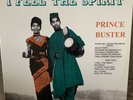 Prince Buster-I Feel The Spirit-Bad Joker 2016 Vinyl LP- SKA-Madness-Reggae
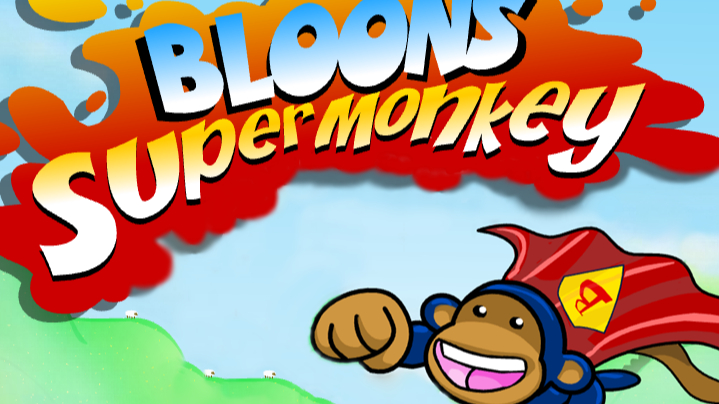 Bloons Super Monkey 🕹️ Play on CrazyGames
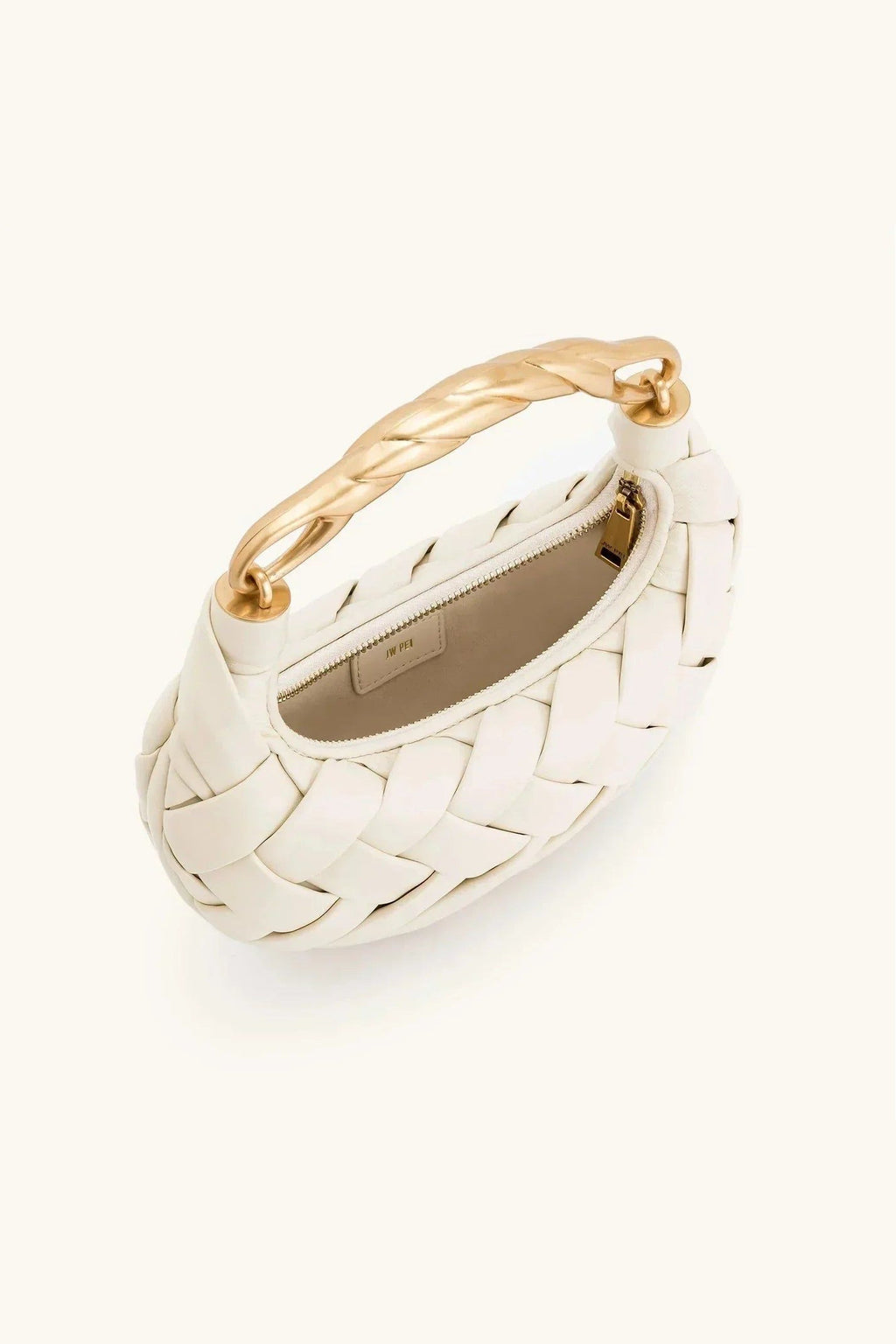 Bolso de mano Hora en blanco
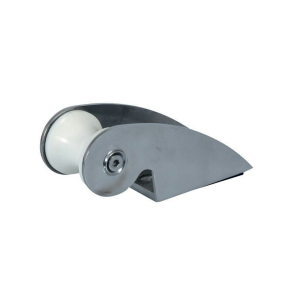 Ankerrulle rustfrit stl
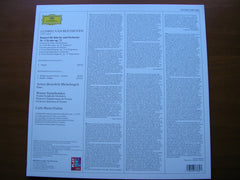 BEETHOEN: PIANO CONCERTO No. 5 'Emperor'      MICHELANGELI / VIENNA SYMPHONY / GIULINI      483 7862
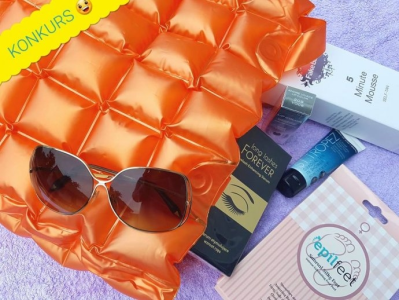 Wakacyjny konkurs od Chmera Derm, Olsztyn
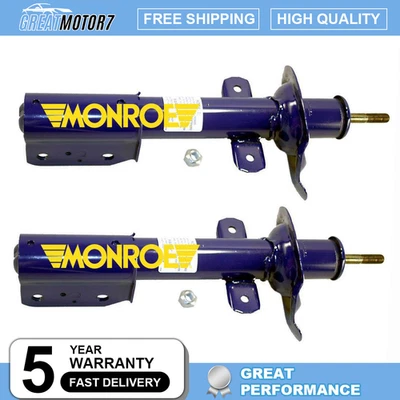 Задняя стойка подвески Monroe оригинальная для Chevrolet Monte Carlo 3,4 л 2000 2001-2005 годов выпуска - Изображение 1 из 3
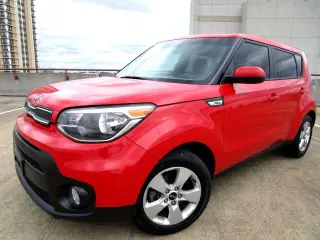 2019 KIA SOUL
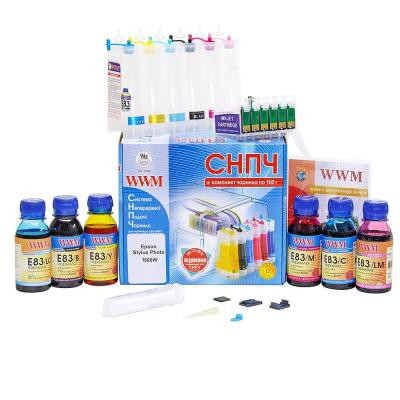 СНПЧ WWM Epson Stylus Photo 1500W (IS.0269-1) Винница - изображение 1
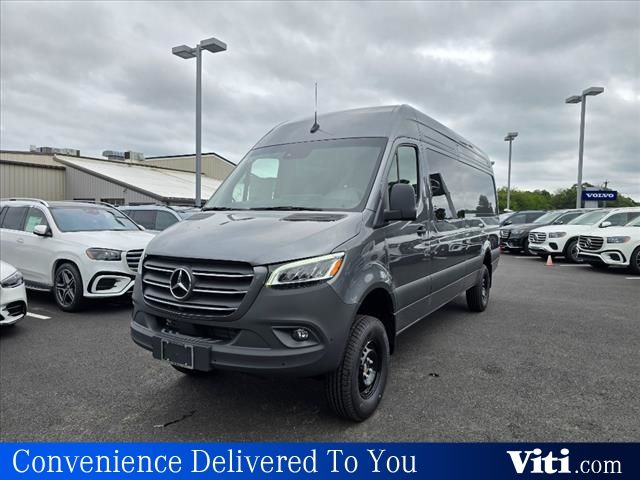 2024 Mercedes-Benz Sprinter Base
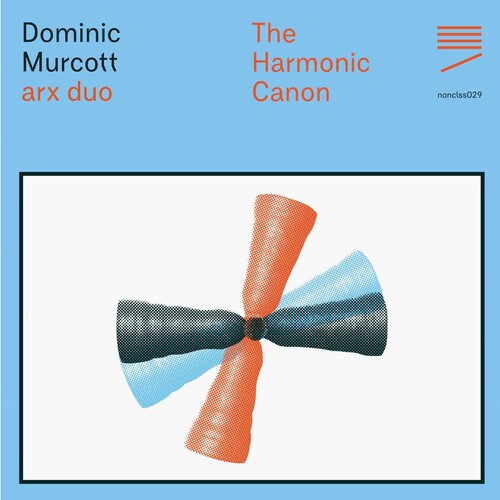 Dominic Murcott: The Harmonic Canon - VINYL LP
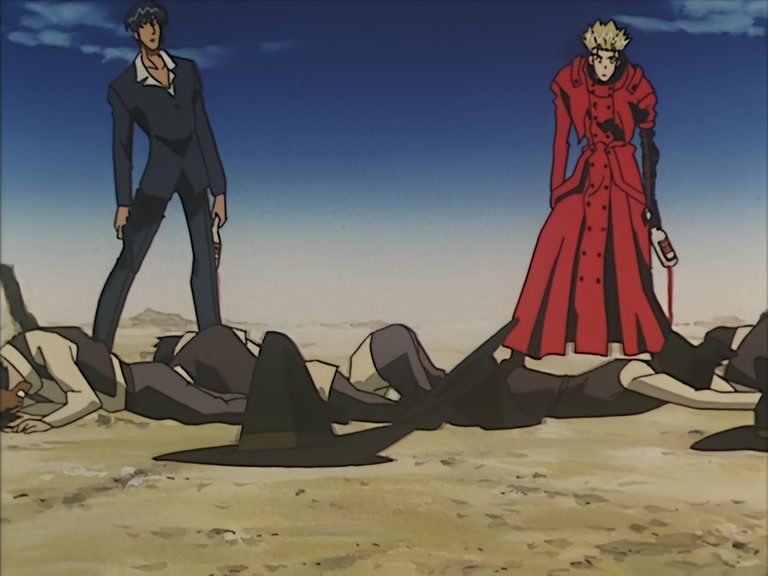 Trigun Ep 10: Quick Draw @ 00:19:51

◇ ◇ ◇

Locate the line containing "СНПЧ WWM Epson" in the records above, then output it and every line after it through the last, excluding pictures.

### TASK RESULT
 СНПЧ WWM Epson Stylus Photo 1500W (IS.0269-1) Винница - изображение 1
 2024 Mercedes-Benz Sprinter Base
 Dominic Murcott: The Harmonic Canon - VINYL LP
 Trigun Ep 10: Quick Draw @ 00:19:51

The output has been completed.